Exercise details: What is needed is an exact reproduction of the lines in the records below, starting at the line with "this 1288×947 image." and ending at the line with "this 350×262 image.", both included, and nothing else; pictures stay out.

Given data:
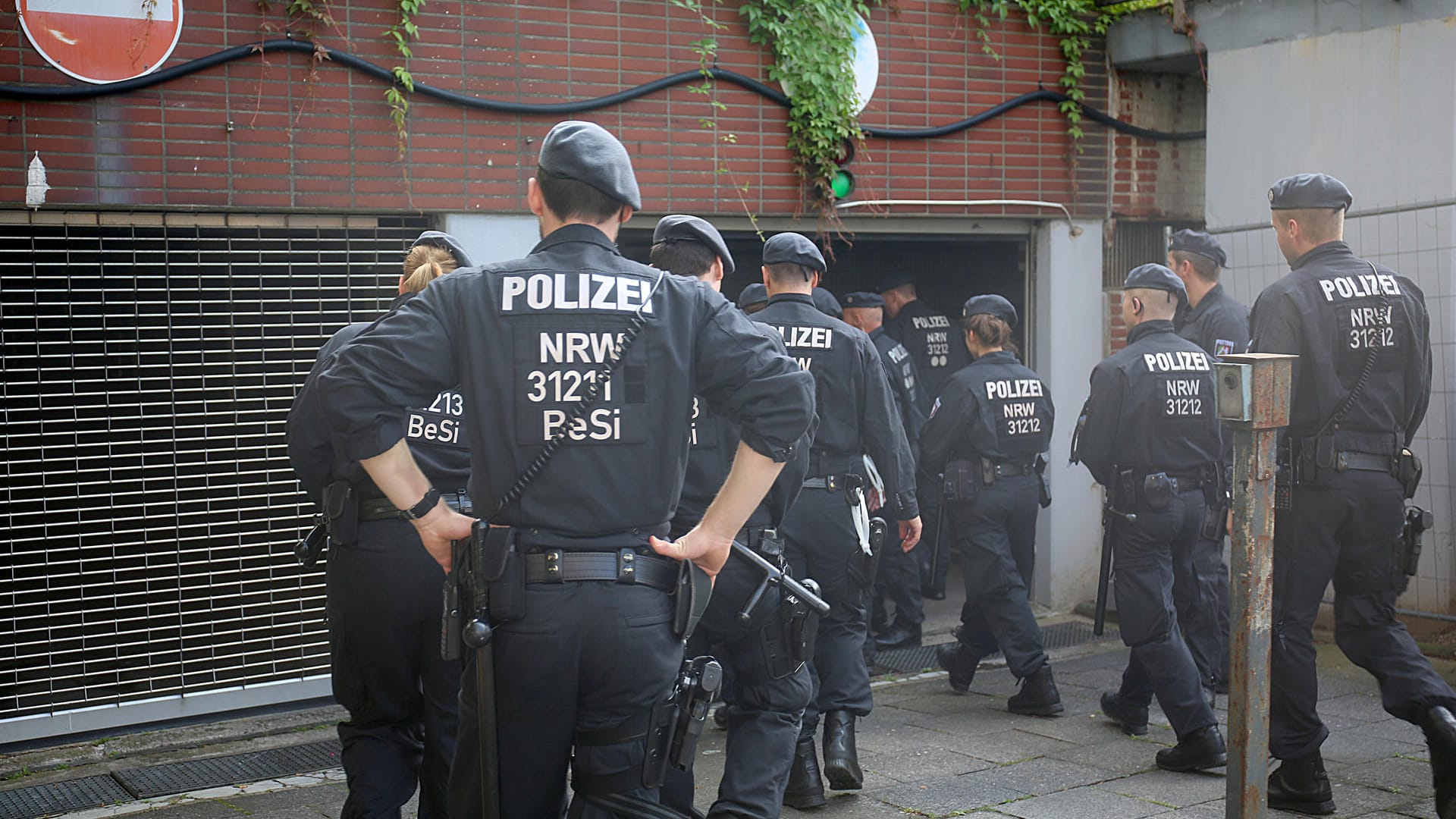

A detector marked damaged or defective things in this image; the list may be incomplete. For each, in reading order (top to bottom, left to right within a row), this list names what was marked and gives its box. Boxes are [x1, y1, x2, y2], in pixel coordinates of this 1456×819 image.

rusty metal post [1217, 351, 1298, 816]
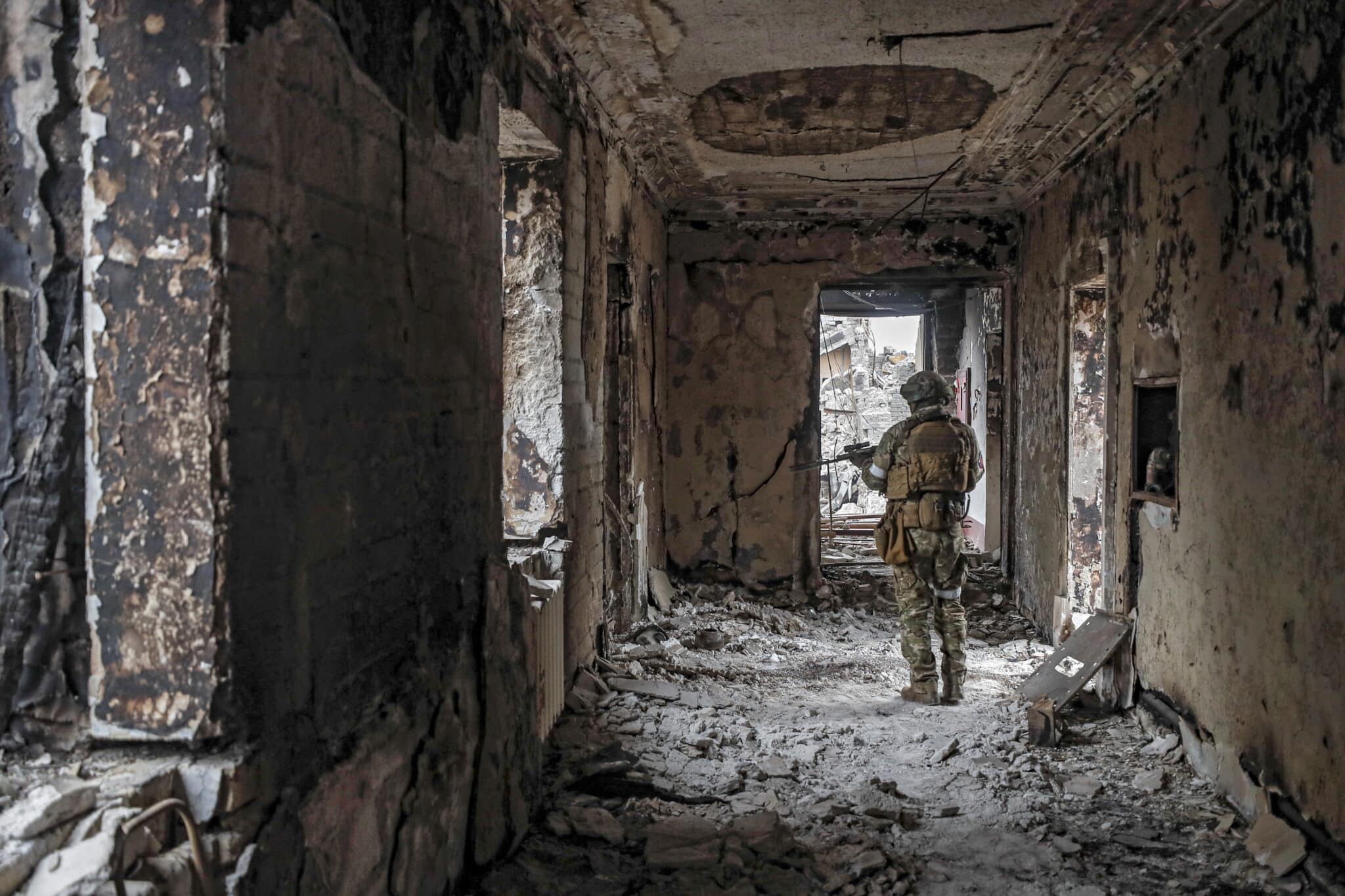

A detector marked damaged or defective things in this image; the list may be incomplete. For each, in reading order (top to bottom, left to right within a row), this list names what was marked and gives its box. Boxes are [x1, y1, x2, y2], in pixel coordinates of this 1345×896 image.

==

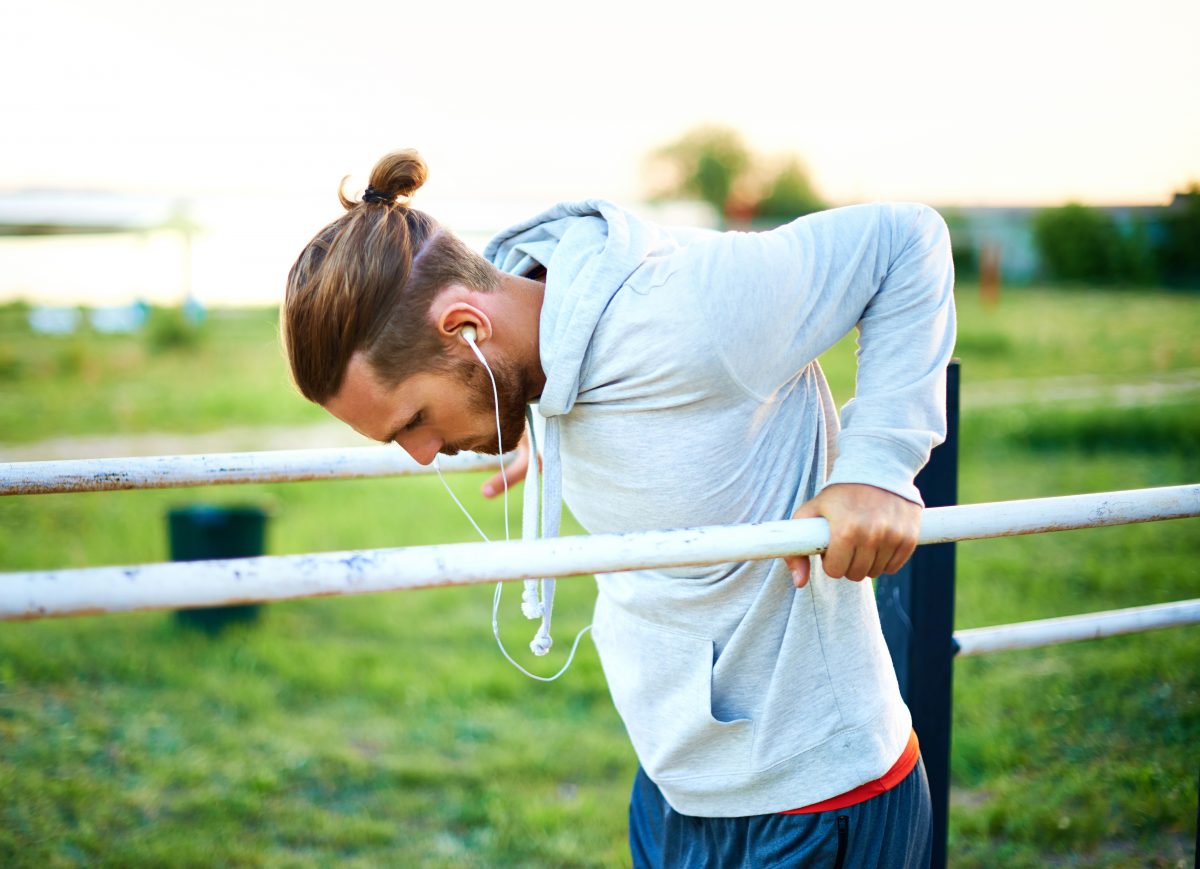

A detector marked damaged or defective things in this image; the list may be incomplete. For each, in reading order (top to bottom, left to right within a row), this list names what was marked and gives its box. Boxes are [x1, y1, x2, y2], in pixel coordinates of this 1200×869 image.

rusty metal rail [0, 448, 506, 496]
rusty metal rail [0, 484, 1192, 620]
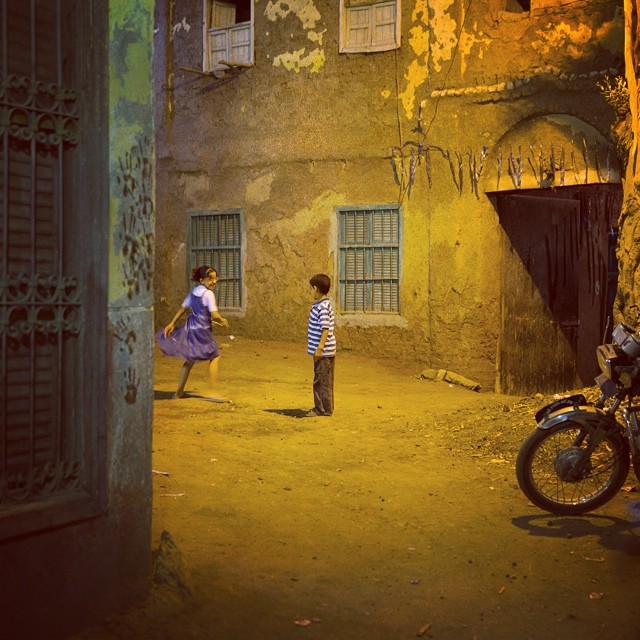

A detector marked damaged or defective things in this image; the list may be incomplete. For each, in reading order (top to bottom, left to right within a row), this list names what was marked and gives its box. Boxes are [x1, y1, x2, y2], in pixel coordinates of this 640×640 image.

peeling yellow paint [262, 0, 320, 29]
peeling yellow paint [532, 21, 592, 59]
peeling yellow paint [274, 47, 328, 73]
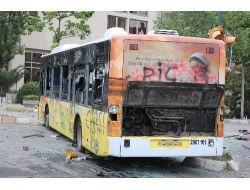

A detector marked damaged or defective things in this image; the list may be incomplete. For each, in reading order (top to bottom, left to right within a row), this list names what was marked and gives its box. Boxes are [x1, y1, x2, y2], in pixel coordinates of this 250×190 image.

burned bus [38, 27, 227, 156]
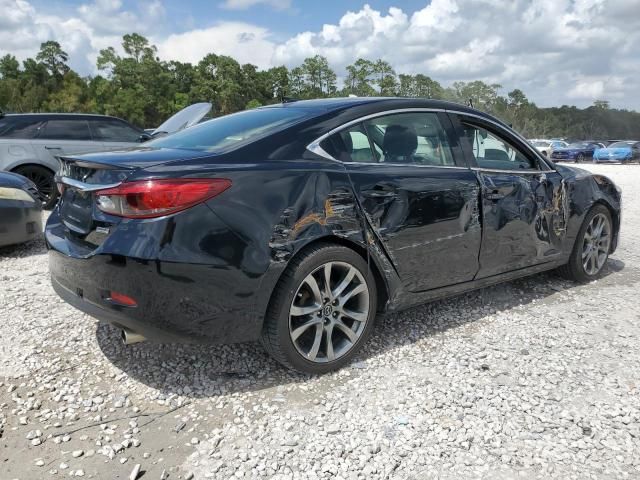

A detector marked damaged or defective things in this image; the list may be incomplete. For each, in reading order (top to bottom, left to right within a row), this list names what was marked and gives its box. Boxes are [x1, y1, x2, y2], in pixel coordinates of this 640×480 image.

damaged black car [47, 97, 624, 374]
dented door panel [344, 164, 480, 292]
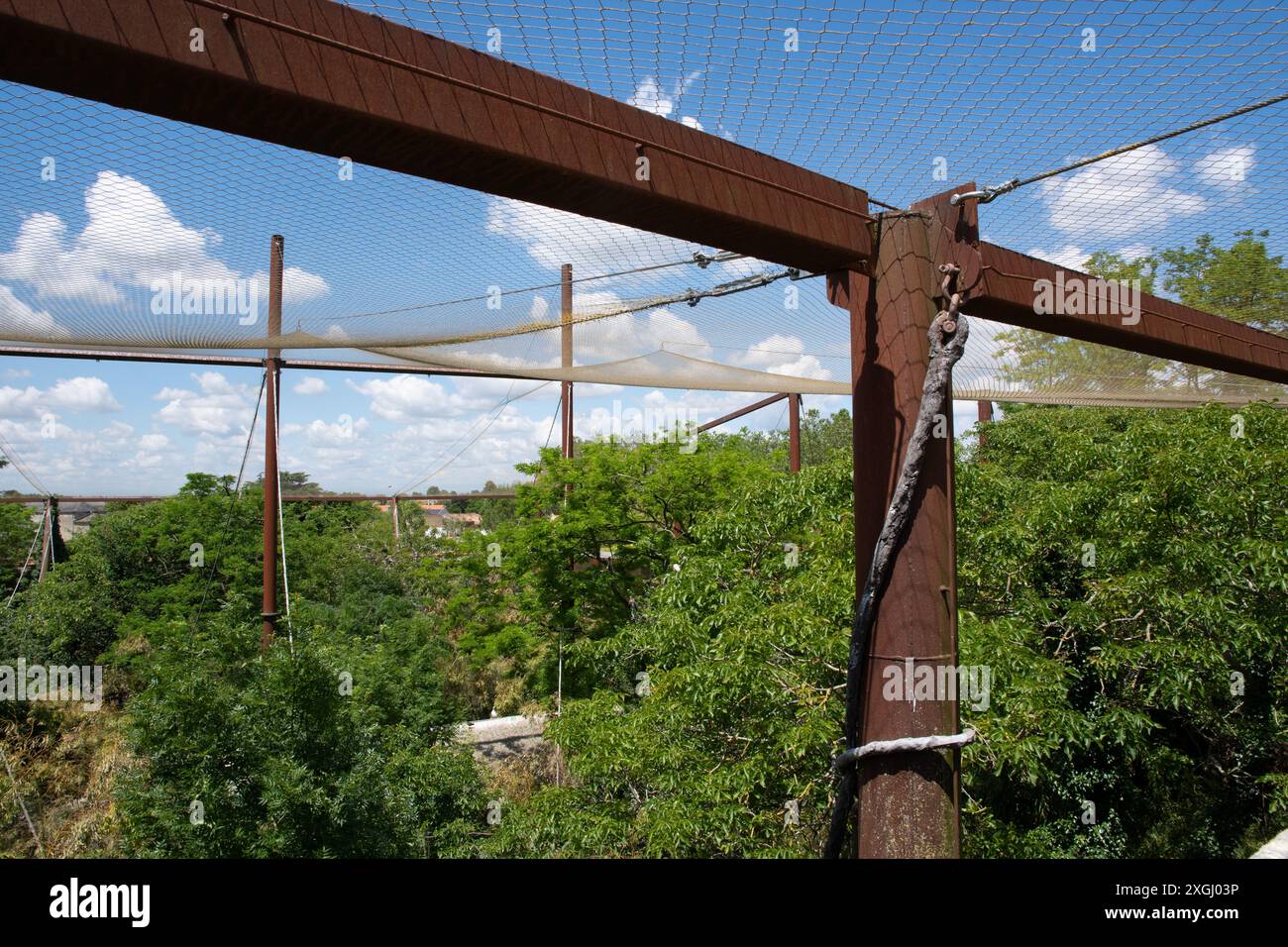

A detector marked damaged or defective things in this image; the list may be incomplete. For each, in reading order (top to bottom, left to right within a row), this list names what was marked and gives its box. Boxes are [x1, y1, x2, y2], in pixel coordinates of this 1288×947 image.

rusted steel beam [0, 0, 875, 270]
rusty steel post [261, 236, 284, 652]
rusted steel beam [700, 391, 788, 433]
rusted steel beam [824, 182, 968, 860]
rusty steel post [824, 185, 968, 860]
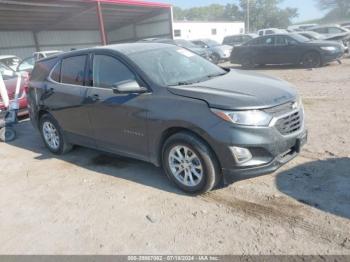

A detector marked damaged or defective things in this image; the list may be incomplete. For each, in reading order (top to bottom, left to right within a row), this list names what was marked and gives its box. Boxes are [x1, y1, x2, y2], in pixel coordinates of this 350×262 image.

Reply:
A detector marked damaged or defective things in this image; the list may be incomplete. For each, in reading order (top to bottom, left to right within a row), this list names what was marked and gives its box. Boxes are [x1, y1, x2, y2], in pixel coordinates of this 1288×947 image.

rusted steel beam [0, 0, 875, 270]
rusty steel post [261, 236, 284, 652]
rusted steel beam [700, 391, 788, 433]
rusted steel beam [824, 182, 968, 860]
rusty steel post [824, 185, 968, 860]

A detector marked damaged or defective things in this image; the list may be incomplete. For each, in reading order (top to bottom, left to right within a row), this list names what was marked and gives its box. Boxes are [x1, y1, x2, y2], in pixel coordinates of this 350×262 image.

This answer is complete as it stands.